***** Input records
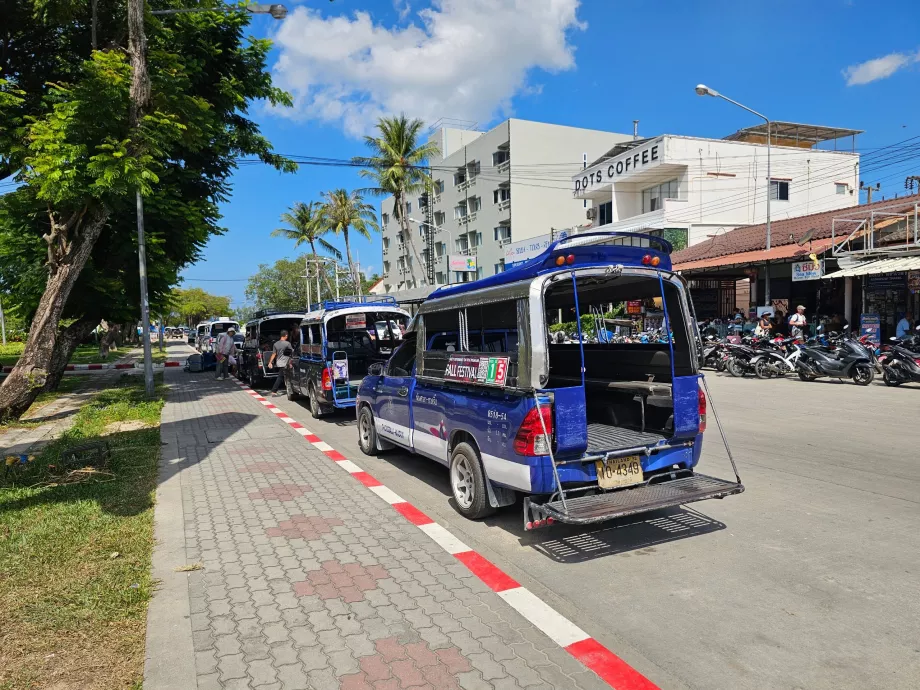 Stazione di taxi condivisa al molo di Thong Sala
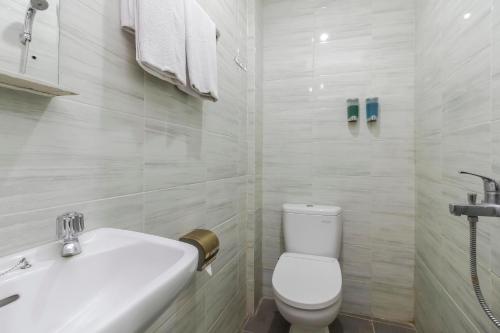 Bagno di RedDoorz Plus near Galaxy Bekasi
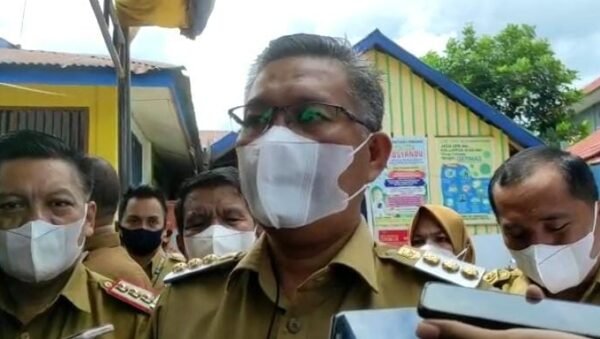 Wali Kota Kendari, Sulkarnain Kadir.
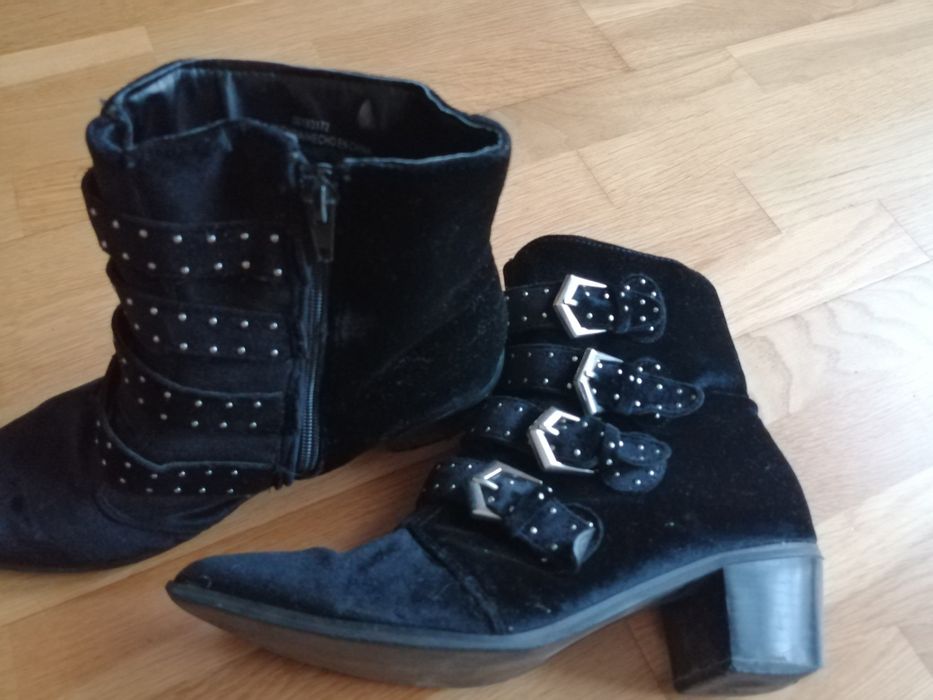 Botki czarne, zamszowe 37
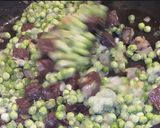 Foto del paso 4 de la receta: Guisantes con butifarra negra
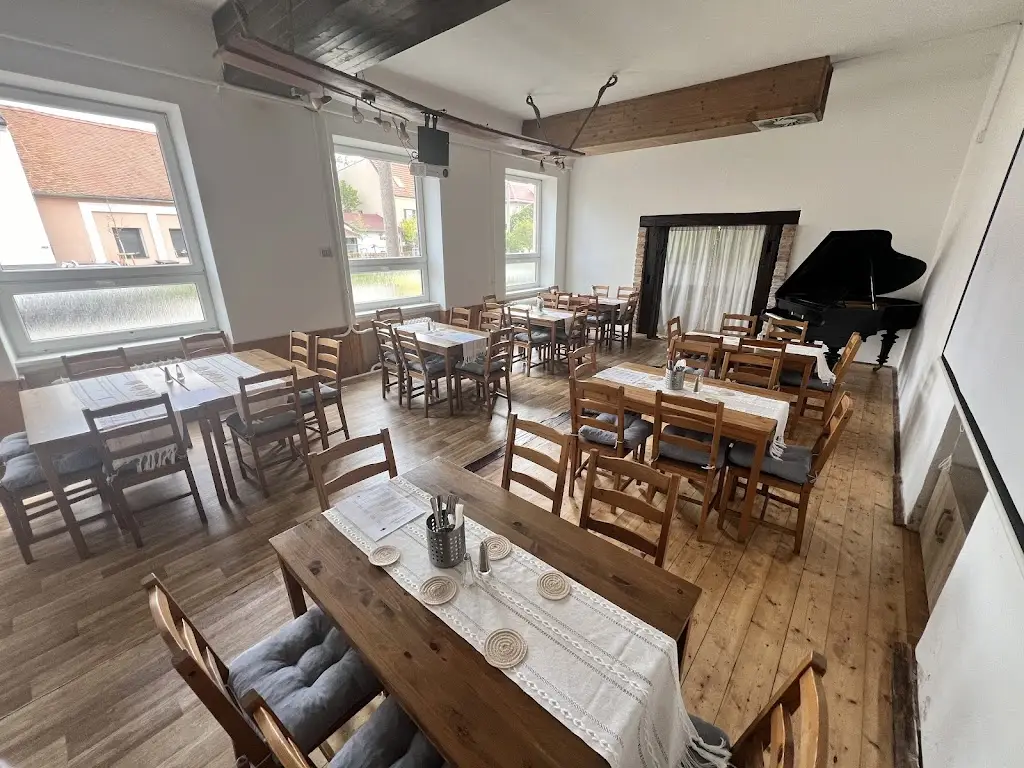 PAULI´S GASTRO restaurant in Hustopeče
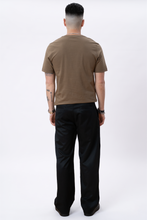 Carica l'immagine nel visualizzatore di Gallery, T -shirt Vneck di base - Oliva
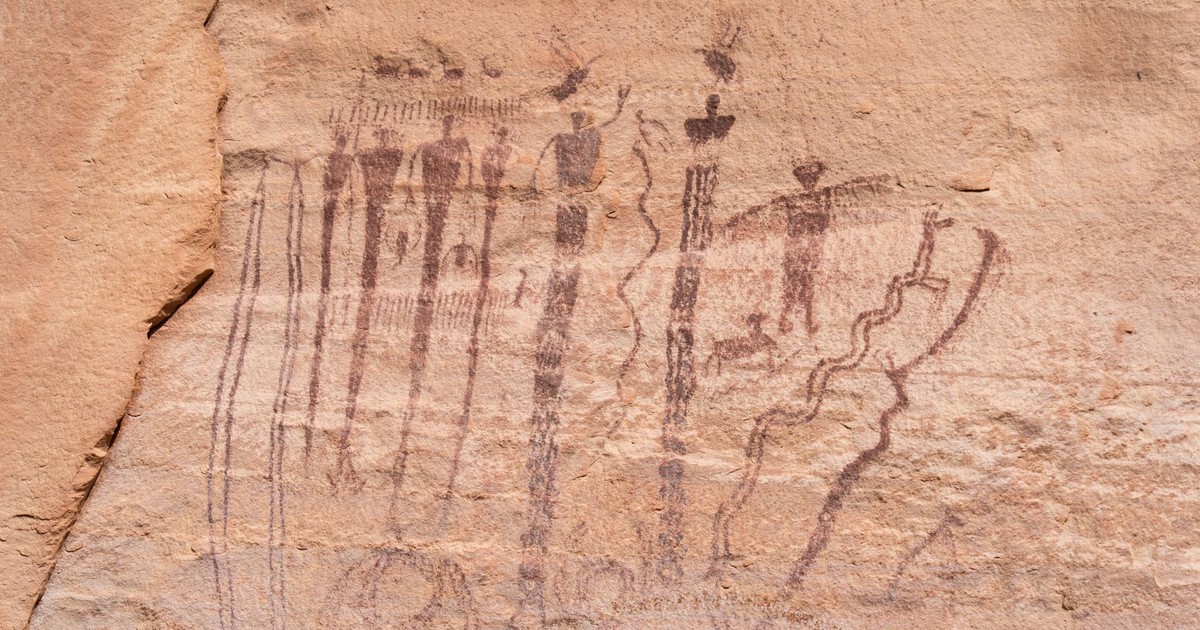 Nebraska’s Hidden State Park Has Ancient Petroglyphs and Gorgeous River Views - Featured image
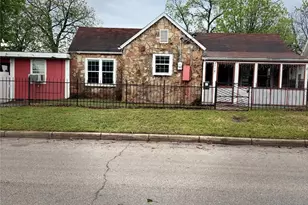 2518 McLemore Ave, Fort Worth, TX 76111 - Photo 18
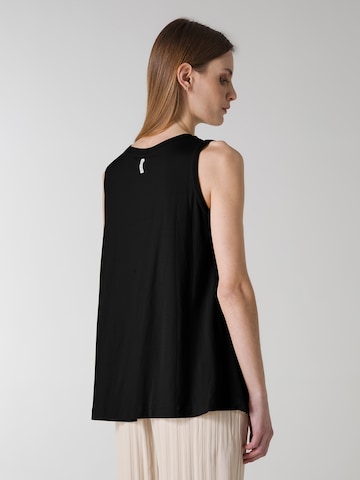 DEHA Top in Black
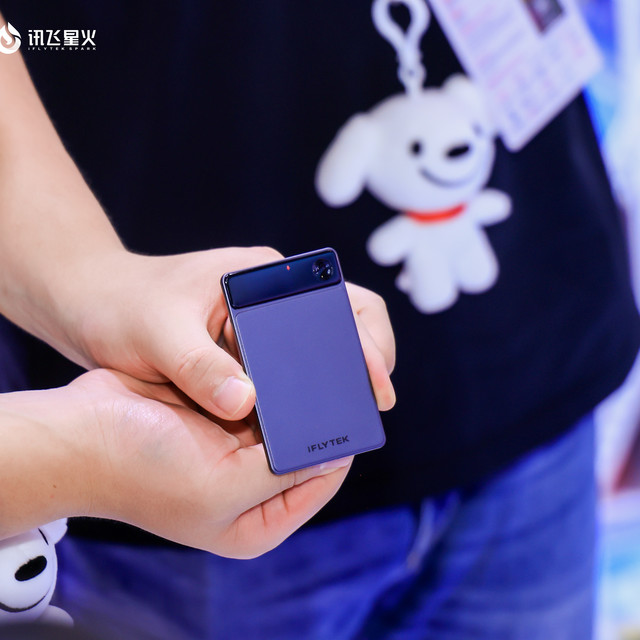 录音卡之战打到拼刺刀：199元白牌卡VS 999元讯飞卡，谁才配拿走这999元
**********
→ What you need to do:
Here the job is to repeat the entries verbatim while leaving all pictures out.

→ Completed task:
 Stazione di taxi condivisa al molo di Thong Sala
 Bagno di RedDoorz Plus near Galaxy Bekasi
 Wali Kota Kendari, Sulkarnain Kadir.
 Botki czarne, zamszowe 37
 Foto del paso 4 de la receta: Guisantes con butifarra negra
 PAULI´S GASTRO restaurant in Hustopeče
 Carica l'immagine nel visualizzatore di Gallery, T -shirt Vneck di base - Oliva
 Nebraska’s Hidden State Park Has Ancient Petroglyphs and Gorgeous River Views - Featured image
 2518 McLemore Ave, Fort Worth, TX 76111 - Photo 18
 DEHA Top in Black
 录音卡之战打到拼刺刀：199元白牌卡VS 999元讯飞卡，谁才配拿走这999元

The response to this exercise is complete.